-- TO DO --
For this exercise, restate every line below word for word and drop the images.
[[ DATA PROVIDED, beginning ]]
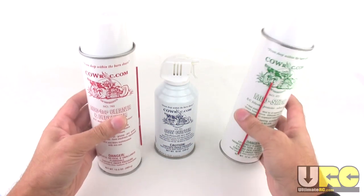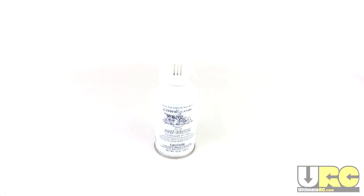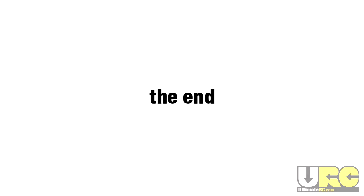For the best deal, I recommend getting the Corral Pack, which includes a can of the MooTour cleaner and degreaser and MooSlick for the same price as three cans of air. If you're like me and you don't have an air compressor to dust off your RCs, Cow Duster will definitely do the trick. The end — told you it would be short.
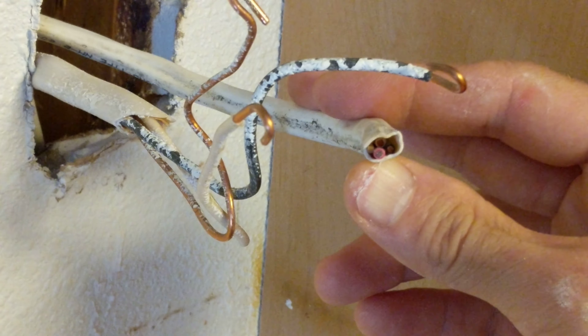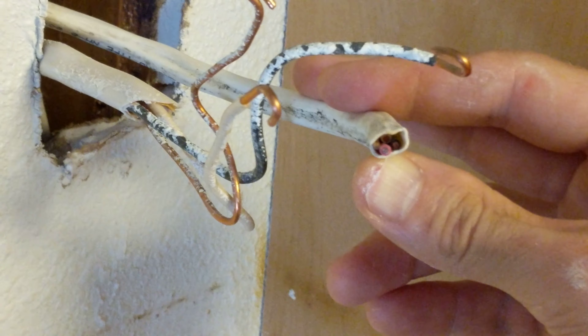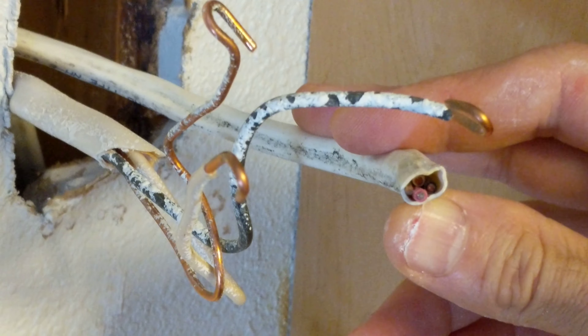Okay, so here we are downstairs again, and hopefully we can just reach in there and pull out the wire, and it helps me actually show you guys.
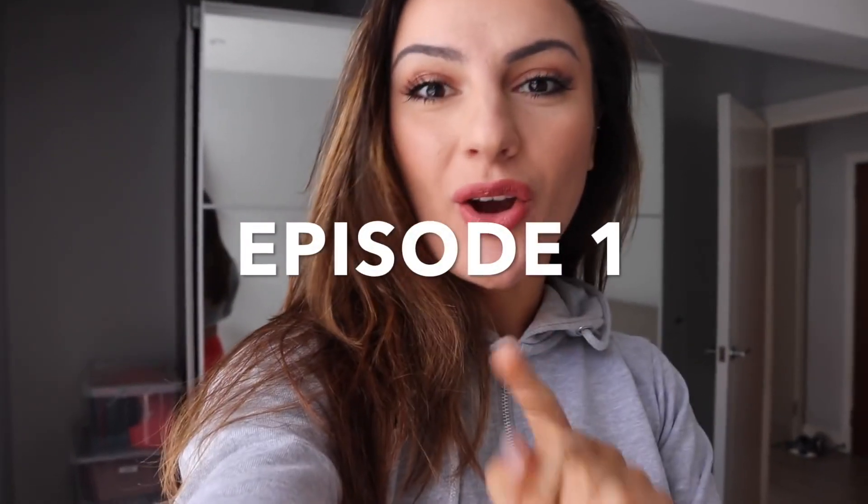Hey guys and welcome back to my channel. Today is a special day because it's episode one of my mini cut for the summer. I'm still not sure what I'm going to call it, but I'm excited to do this. I wanted to do this last year but never got a chance simply because I was really busy with uni and all that stuff. So this year I'm gonna do it.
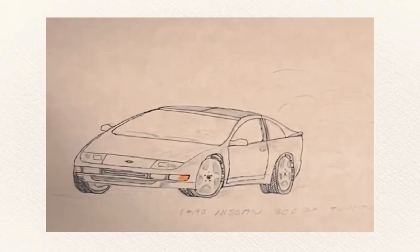Hi, my name is Ken Lee and I work at Nissan's Global Design Center here in Japan. Since childhood, one of my favorite hobbies is drawing cars, so today I'm going to do a work from home sketch demonstration.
[[ DATA PROVIDED, end ]]
-- RESPONSE --
For the best deal, I recommend getting the Corral Pack, which includes a can of the MooTour cleaner and degreaser and MooSlick for the same price as three cans of air. If you're like me and you don't have an air compressor to dust off your RCs, Cow Duster will definitely do the trick. The end — told you it would be short.
Okay, so here we are downstairs again, and hopefully we can just reach in there and pull out the wire, and it helps me actually show you guys.
Hey guys and welcome back to my channel. Today is a special day because it's episode one of my mini cut for the summer. I'm still not sure what I'm going to call it, but I'm excited to do this. I wanted to do this last year but never got a chance simply because I was really busy with uni and all that stuff. So this year I'm gonna do it.
Hi, my name is Ken Lee and I work at Nissan's Global Design Center here in Japan. Since childhood, one of my favorite hobbies is drawing cars, so today I'm going to do a work from home sketch demonstration.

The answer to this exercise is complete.